━━ Data for review
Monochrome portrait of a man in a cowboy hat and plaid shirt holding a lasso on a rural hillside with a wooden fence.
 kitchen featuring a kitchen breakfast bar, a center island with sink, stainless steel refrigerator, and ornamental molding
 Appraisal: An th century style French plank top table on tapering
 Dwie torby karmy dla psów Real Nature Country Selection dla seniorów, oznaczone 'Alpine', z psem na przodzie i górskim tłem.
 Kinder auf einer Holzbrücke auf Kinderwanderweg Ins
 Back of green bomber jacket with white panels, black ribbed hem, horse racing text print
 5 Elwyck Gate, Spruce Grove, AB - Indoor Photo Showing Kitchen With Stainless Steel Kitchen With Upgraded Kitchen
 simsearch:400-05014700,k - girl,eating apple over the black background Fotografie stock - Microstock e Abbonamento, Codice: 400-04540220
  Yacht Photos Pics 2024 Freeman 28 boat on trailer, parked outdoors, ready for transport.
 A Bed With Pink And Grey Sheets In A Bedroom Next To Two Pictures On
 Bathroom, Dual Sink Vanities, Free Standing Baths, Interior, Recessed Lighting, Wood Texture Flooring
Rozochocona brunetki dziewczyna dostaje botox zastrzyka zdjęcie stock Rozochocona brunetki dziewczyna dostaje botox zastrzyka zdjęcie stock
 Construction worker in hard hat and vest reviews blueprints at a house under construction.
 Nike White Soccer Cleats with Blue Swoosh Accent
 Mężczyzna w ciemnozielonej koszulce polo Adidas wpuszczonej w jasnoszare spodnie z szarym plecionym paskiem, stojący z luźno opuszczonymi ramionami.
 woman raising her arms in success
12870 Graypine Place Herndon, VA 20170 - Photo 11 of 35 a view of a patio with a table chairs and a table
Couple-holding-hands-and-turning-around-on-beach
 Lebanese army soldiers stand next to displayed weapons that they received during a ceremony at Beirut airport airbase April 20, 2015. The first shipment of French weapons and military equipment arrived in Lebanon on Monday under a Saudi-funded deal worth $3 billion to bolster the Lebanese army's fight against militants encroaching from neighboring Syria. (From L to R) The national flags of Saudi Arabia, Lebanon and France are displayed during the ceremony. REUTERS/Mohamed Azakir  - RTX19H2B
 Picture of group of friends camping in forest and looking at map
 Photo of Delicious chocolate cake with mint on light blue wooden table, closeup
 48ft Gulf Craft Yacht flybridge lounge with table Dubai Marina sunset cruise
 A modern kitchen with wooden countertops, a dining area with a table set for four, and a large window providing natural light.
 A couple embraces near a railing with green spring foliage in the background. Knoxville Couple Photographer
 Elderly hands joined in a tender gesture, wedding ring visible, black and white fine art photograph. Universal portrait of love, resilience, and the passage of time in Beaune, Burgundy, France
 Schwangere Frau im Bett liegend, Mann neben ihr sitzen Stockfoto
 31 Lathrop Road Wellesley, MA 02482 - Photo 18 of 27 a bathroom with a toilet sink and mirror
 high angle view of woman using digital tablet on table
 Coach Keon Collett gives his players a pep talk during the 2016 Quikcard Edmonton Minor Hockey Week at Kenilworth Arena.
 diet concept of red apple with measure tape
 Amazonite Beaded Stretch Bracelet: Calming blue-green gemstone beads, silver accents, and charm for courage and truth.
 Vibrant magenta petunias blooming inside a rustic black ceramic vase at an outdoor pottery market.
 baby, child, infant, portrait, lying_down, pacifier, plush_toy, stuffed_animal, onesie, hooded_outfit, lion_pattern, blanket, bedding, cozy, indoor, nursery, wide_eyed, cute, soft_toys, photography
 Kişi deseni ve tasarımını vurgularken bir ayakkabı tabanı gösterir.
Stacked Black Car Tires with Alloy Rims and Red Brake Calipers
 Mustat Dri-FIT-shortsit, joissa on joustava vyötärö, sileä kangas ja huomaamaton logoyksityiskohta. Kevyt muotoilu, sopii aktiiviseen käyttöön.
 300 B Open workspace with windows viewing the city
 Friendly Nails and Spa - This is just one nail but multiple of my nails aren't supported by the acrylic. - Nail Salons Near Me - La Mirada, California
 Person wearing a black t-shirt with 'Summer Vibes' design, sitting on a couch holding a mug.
━━━━
### [Prompt]
Where does the word "shirt" appear in the records? Copy every line that holds it.

### [Your solution]
Monochrome portrait of a man in a cowboy hat and plaid shirt holding a lasso on a rural hillside with a wooden fence.
 Person wearing a black t-shirt with 'Summer Vibes' design, sitting on a couch holding a mug.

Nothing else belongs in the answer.